Multi-copy atomicity simplifies reasoning about concurrent programs. It means you don’t have to worry about stores propagating at different rates to different harts.

Figure 6.1: Memory Ordering Example

sequenceDiagram
    participant H0 as Hart 0
    participant Mem as Memory
    participant H1 as Hart 1

    Note over H0,H1: Initially: x=0, y=0

    H0->>Mem: x = 1 (store)
    Note over H0: Store may be buffered
    H0->>Mem: r1 = y (load)
    Note over H0: Load can execute early

    H1->>Mem: y = 1 (store)
    Note over H1: Store may be buffered
    H1->>Mem: r2 = x (load)
    Note over H1: Load can execute early

    Note over H0,H1: Possible: r1=0, r2=0<br/>(both loads before both stores)
    Note over H0,H1: FENCE prevents this reordering

6.3 Memory Ordering Instructions

The FENCE Instruction

The FENCE instruction enforces ordering between memory operations.

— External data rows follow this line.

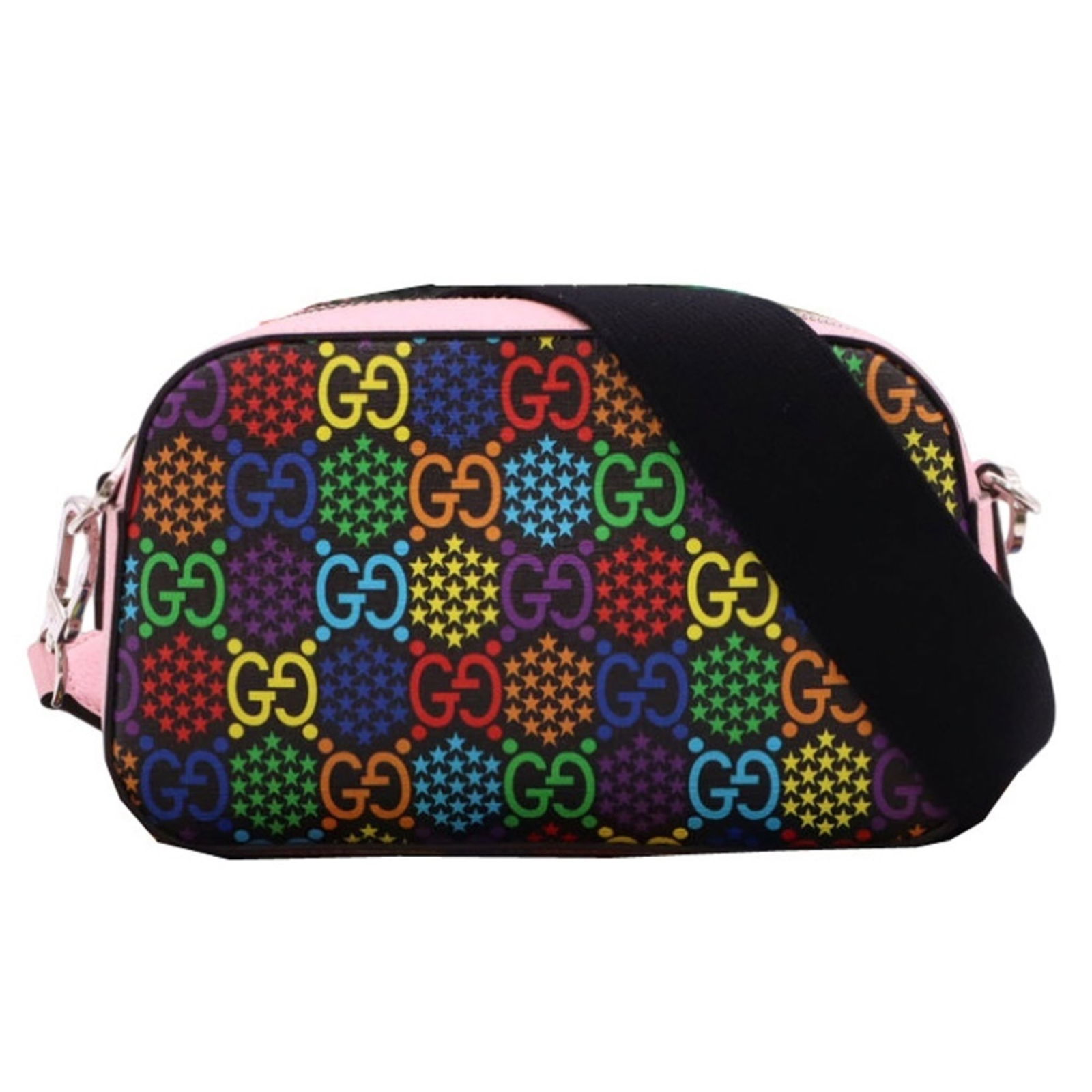 Gucci Leather Shoulder Bag: Gucci Leather Shoulder Bag A vibrant multi-color Gucci leather shoulder bag in excellent condition, with subtle signs of wear from previous use. The iconic design and premium quality make this bag a s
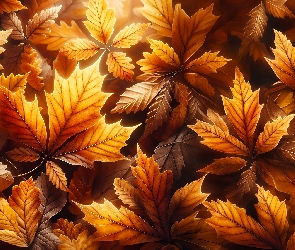 Grafika, Liście, Pomarańczowe, Brązowe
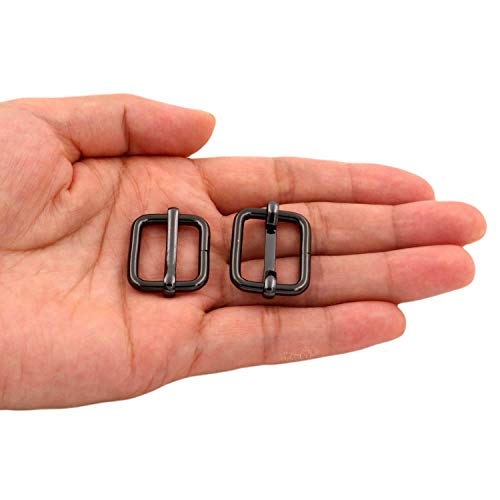 BIKICOCO Metal Slide Adjuster Buckle Tri-Glides with Movable Center Bar, for Straps, 0.8 x 0.6 Inch, Gunmetal, Pack of 50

It prevents reordering of operations before the fence with operations after the fence.

The basic syntax is:

fence pred, succ

Where pred (predecessor) and succ (successor) specify which types of operations are ordered:

  • r: Reads (loads)
  • w: Writes (stores)
  • rw: Both reads and writes

Common fence variants:

FENCE rw, rw (full fence):

fence rw, rw

Orders all memory operations before the fence with all memory operations after the fence. This is the strongest fence—it prevents all reordering across the fence.

FENCE w, w (store-store fence):

fence w, w

Orders stores before the fence with stores after the fence. Loads can still be reordered. This is useful for ensuring that a sequence of stores becomes visible in order.

FENCE r, r (load-load fence):

fence r, r

Orders loads before the fence with loads after the fence. Stores can still be reordered.

FENCE r, rw (acquire fence):

fence r, rw

Orders loads before the fence with all operations after the fence. This is used for acquire semantics (e.g., after acquiring a lock).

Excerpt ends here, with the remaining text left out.